Neue Gesprächspartner
Neue Erkenntnis beim diesjährigen Treffen: die Kooperationspartner für eine nachhaltig globales Wirtschaftswachstum und Frieden sind nicht mehr nur die Staatschefs und Vertreter von internationalen Institutionen. Alibaba, ALFA, Facebook und Apple etc. werden mittlerweile als Partner auf Augenhöhe betrachtet, um gemeinsam zu den oben genannten Zielen zu kommen.

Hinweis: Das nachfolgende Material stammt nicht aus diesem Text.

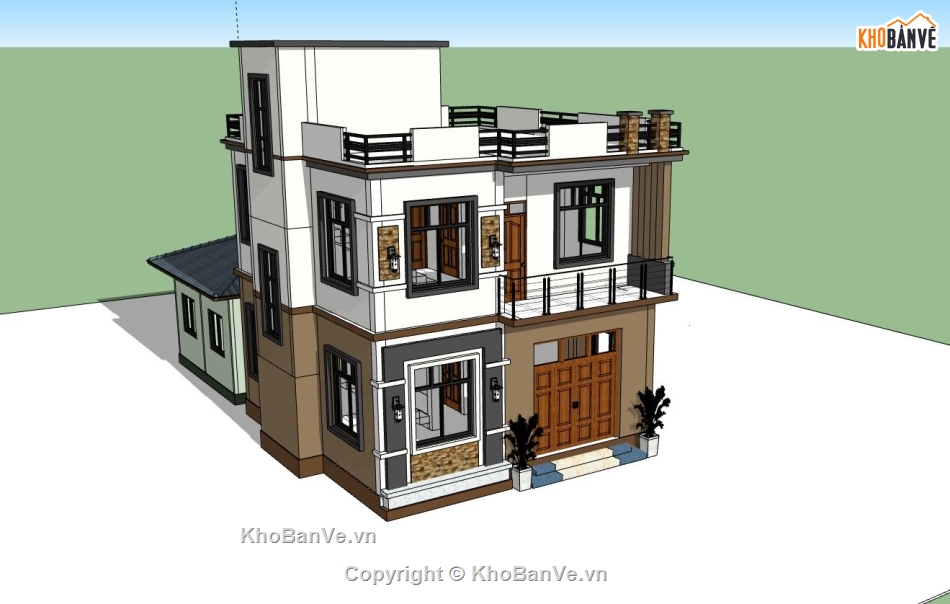 file sketchup nhà ở,biệt thự 2 tầng,bản vẽ nhà đẹp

Das gilt bei Themen wie dem Bedingungslosen Grundeinkommen (Tenor: warum sollen nicht Facebook& Co ihre Gewinne teilweise in Form dieses Gemeinwohlgedankens in die Gesellschaft zurückspielen). Aber auch bei der politischen Verantwortung. Stichwort: Shitstorm, Hass im Netz.
Radikalisierung
Die politische Weltlage hat sich in den letzten 4 Jahren – wie es Klaus Schwab vorausgesagt hatte – stark popularisiert und radikalisiert. In Europa beherrscht ein starkes Antisystemdenken in weiten Teilen der Bevölkerung. Und das sowohl Links als auch Rechts (Syriza, Front National, AfD, FPÖ– um nur einige zu nennen). Gleichzeitig wird aber auch der nationale, protektionistische Gedanke wieder populärer und dieser auch durch europäische Regierungen durchaus gelebt.
In den USA ist der aktuelle Präsidentschaftswahlkampf ein antisystemischer und vorallem von einem tiefen Misstrauen in die „Eliten“ geprägt.
Das politische Risiko macht den Verantwortlichen der globalisierten Welt das grösste Kopfzerbrechen. Es sind nicht mehr die Schwellenländer, die politische Instabilität bringen, jedoch durch den Export des politischen Gedankenguts aus gefestigten „westlichen“ Demokratien bis dato stabilisiert wurden. Die Herkunftsländer dieses hohen Exportgutes, also die USA oder auch die EU, drohen ihr Qualitätssiegel zu verlieren. Und damit eine Gefahr für die globalen Errungenschaften seit 1945 – trotz immer wiederkehrender Rückschläge – zu werden: nämlich für Frieden, Wohlstand, Wachstum und Fortschritt. Wir Europäer sollten dazu beitragen, dass es auch in Zukunft so sein wird. Politisches Risiko mit der Europäischen Union zu verbinden, sollten wir uns nicht bieten lassen.
Ich schliesse mit Jean Jacques Rousseau:
Der moralische Zustand eines Volkes ergibt sich weniger aus dem absoluten Zustand seiner Mitglieder als aus ihren Beziehungen untereinander.